That choking sound you hear is me writing the headline for this post.
Just when you thought the charter advocates could not sink any lower in seeking rationalizations for privatization, they go lower yet again.
Writing for the National Education Policy Center, Julian Vasquez Heilig critiqued a University of Arkansas study that purports to show that charter schools are more productive and profoppduce a higher return on investment than public schools. The study under review is called “Bigger Bang, Fewer Bucks.”
What would you care about when comparing two sectors, one of which is staffed by professional educators, the other staffed mainly by TFA temps? Would you care about test scores? Parent satisfaction? Teacher turnover? Student projects? Graduation rates? College acceptance rates?

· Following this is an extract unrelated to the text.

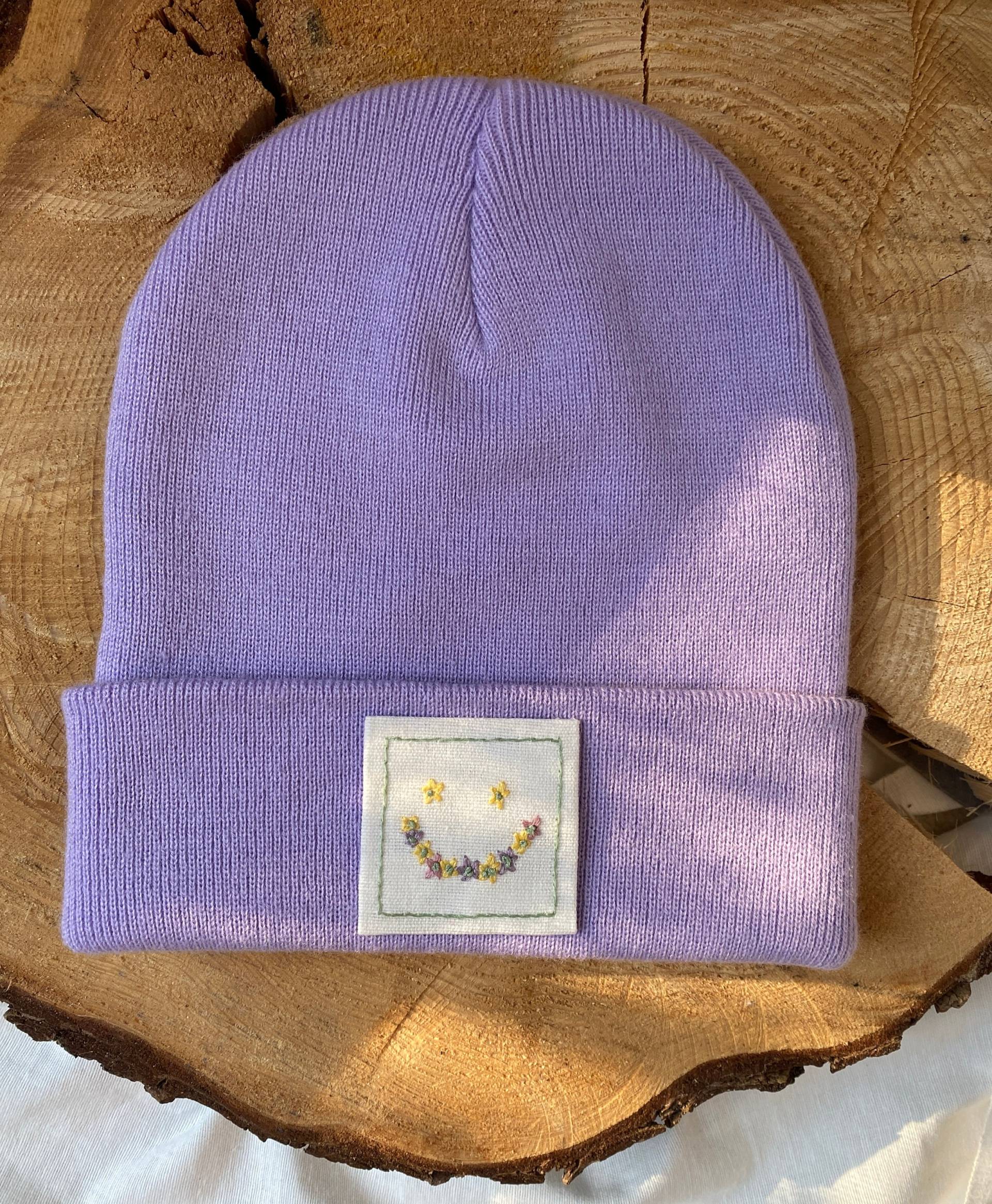 Mütze/Beanie Mit Handbesticktem Blumensmiley-Patch, Farbe Lavendel, Motiv Blumensmiley von laStickeria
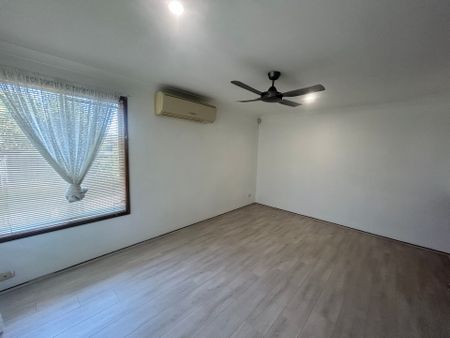 Lovely Home with Detached Garage! - Photo 4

Would you consider how the creation of a second sector affects the health and vitality of the first sector? Would you Permit the Second sector to cripple the first sector?
How about return on investment?
This is a mode of thinking with which I am not compatible. I’m reminded of reading I did in the 1990s, when I learned about efficiency experts who studied the curriculum. I was writing a book called “Left Back,” published in 2000. These scientific curriculum experts worked out a way to compare the cost and value of different subjects. They concluded that Latin was not worth teaching because the unit cost was too high. They would understand this new Arkansas study.
Heilig writes the abstract of his critique:
“A report released by the University of Arkansas Department of Education Reform contends that charter schools produce more achievement per dollar invested, as compared to public schools. This newest report is focused on city-level analyses in eight US cities (Atlanta, Boston, Denver, Houston, Indianapolis, New York City, San Antonio, and Washington D.C.) and uses cost effectiveness and Return on Investment (ROI) ratios. It concludes that charter schools deliver a weighted average of an additional 4.34 NAEP reading points and 4.73 NAEP math points per $1000 invested. The report also argues that that charter schools offer an advantage of $1.77 in lifetime earnings for each dollar invested, representing a ROI benefit of 38%. However, there are a variety of methodological choices made by the authors that threaten the validity of the results. For example, the report uses revenues rather than actual expenditures – despite well-established critiques of this approach. The report also fails to account for the non-comparability of the student populations in charter and comparison public schools. Three other problems also undercut the report’s claims. First, even though the think tank’s earlier productivity report included a caveat saying that causal claims would not be appropriate, the new report omits that caution. Second, the report’s lack of specificity plagues the accuracy and validity of its calculations; e.g., using state-level data in city-level analyses and completely excluding race and gender. Finally, the authors again fail to reconcile their report with the extensive literature of contrary findings.“

“It concludes that charter schools deliver a weighted average of an additional 4.34 NAEP reading points and 4.73 NAEP math points per $1000 invested. The report also argues that that charter schools offer an advantage of $1.77 in lifetime earnings for each dollar invested, representing a ROI benefit of 38%.”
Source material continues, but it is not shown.